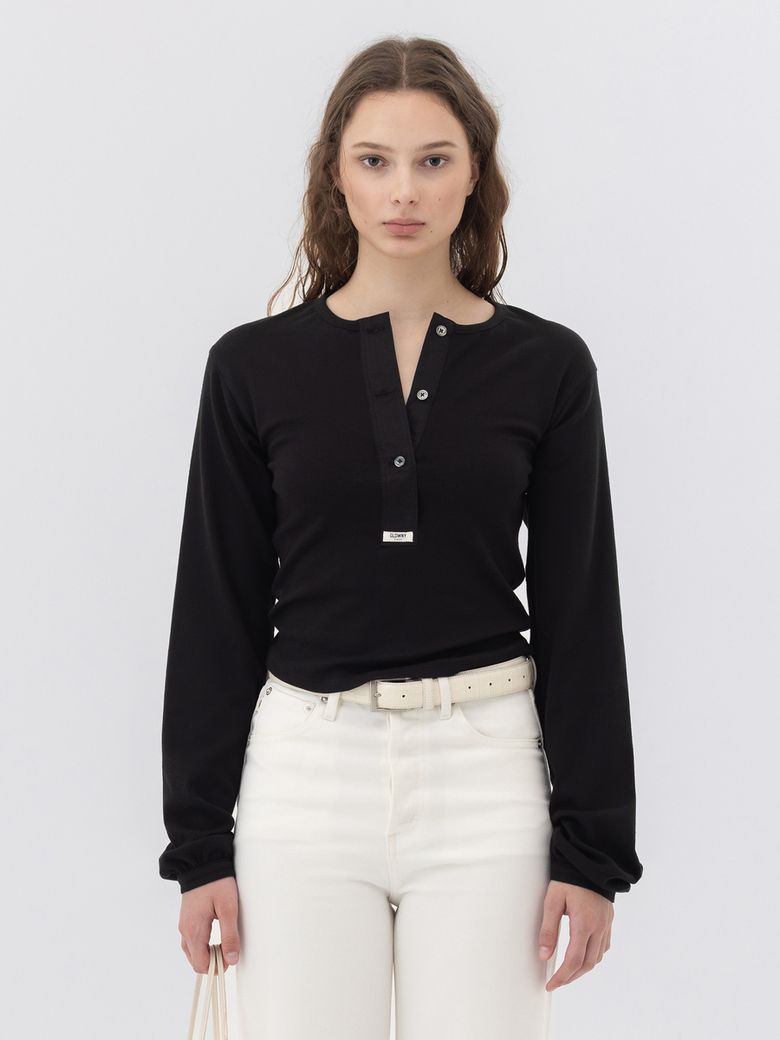 G PLAIN HENLEY LONG SLEEVE (BLACK)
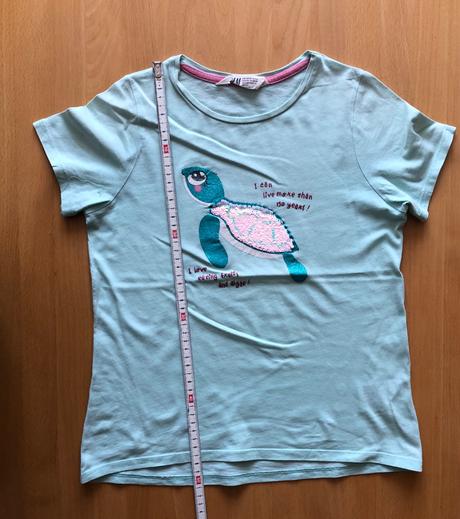 Tyrkysove tricko s korytnackou, h&m,134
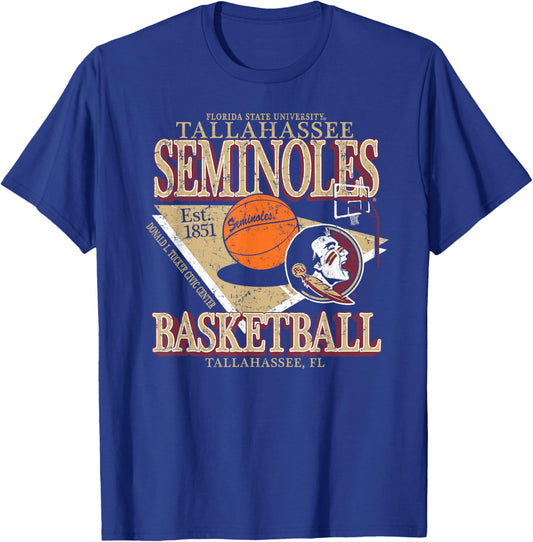 Florida State Seminoles Basketball Vintage Tallahassee Black T-Shirt - T-Shirt | Royal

- REQUIREMENT: Reproduce the material above in full and without alteration, but skip all pictures.

- EXPECTED OUTPUT:
 G PLAIN HENLEY LONG SLEEVE (BLACK)
 Tyrkysove tricko s korytnackou, h&m,134
 Florida State Seminoles Basketball Vintage Tallahassee Black T-Shirt - T-Shirt | Royal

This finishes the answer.